Seal Senses and Communication
Seal Whiskers (vibrissae)
Seals search for food with their coarse, continuously growing whiskers. The seal sweeps its upper lip to and fro, using these sensitive whiskers to detect fish in murky waters.
The substantial nerve system transmits tactile information from the vibrissae to the brain. Each vibrissa can move independently. Prey moving under water creates vibrations that the seal may detect with its vibrissae.
Seals have very good vision in water. Their eyes must focus on both air and water, therefore, they are very large and round.
Their vision underwater is better than a humans, but inferior on land. Lenses are enlarged and almost round, adapted for focusing on light that is refracted upon entering water. The lenses are not as well-adapted for sight in air.
Seals eyes contain high numbers of rod cells called photoreceptor cells that are sensitive to low light levels. Seals have a well-developed tapetum lucidum, a layer of reflecting plates behind the retina. These plates act as mirrors to reflect light back through the retina a second time, increasing the light-gathering ability of the rod cells. (The tapetum lucidum is the same structure that makes a cats eyes appear to 'glow' when reflecting light at night.).
Under water, the pupils dilate (expand) into a wide circle to let in as much light as possible. In bright light, the pupils constrict to a slit.
Mucus continually washes over the eyes to protect them. Unlike most land mammals, pinnipeds lack a duct for draining eye fluids into the nasal passages. When a seal is out of the water, mucus surrounding the eyes gives them a wet, tear-rimmed look.
Seals have a keen sense of smell in air, which allows them to detect predators. Females also use smell to recognise their pups on crowded breeding beaches. While swimming the nostrils are kept tightly shut.
Seals hear very well in both water and in air. Females and pups often call to each other. Seals also make growls and grunts underwater especially during the breeding season.

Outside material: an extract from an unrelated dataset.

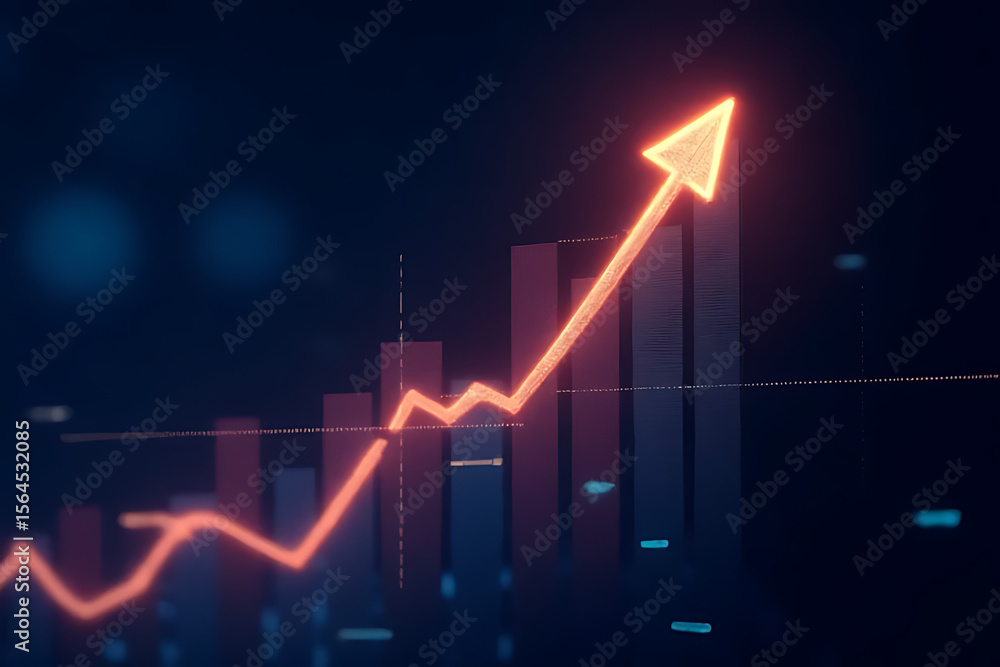 Fototapeta premium Bright orange arrow graph showing upward trend against a dark blue background with blurred digital data bars and light effects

Common seals are probably the least vocal of all pinnipeds. Seals usually vocalize only when they feel threatened. Seals may snort, hiss, growl, or sneeze. Common seal pups vocalize more frequently than adults, especially with their mothers pups sheep-like cries are individually distinctive to their mothers.
A seal may slap the water or its own body with a pectoral flipper to show aggression, or during courtship. Some studies indicate that seals may use echolocation to find food. Scientists have recorded faint clicking sounds during the final stages of catching prey.